Work task - Once you find the line with "Custom Name Green" in the entries below, print it and each line after it up to and including the line with "Muške ljetne sportske", exactly, without pictures.

___ Exercise data

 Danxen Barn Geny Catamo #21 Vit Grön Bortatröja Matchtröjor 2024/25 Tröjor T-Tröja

______
___ Exercise data

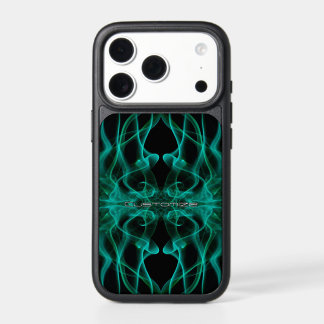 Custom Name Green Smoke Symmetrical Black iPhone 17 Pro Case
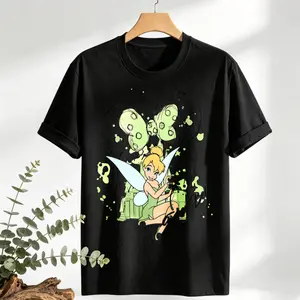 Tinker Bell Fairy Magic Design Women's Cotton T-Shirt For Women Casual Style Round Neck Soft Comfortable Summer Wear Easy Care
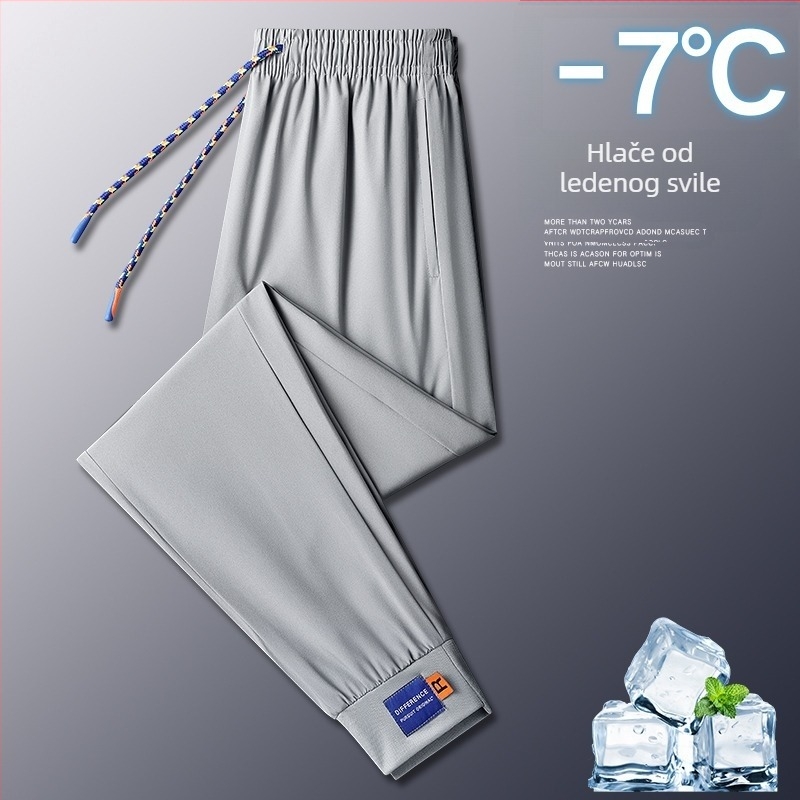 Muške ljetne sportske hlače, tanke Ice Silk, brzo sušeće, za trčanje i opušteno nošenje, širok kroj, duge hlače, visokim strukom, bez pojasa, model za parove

______

Answer box -
 Custom Name Green Smoke Symmetrical Black iPhone 17 Pro Case
 Tinker Bell Fairy Magic Design Women's Cotton T-Shirt For Women Casual Style Round Neck Soft Comfortable Summer Wear Easy Care
 Muške ljetne sportske hlače, tanke Ice Silk, brzo sušeće, za trčanje i opušteno nošenje, širok kroj, duge hlače, visokim strukom, bez pojasa, model za parove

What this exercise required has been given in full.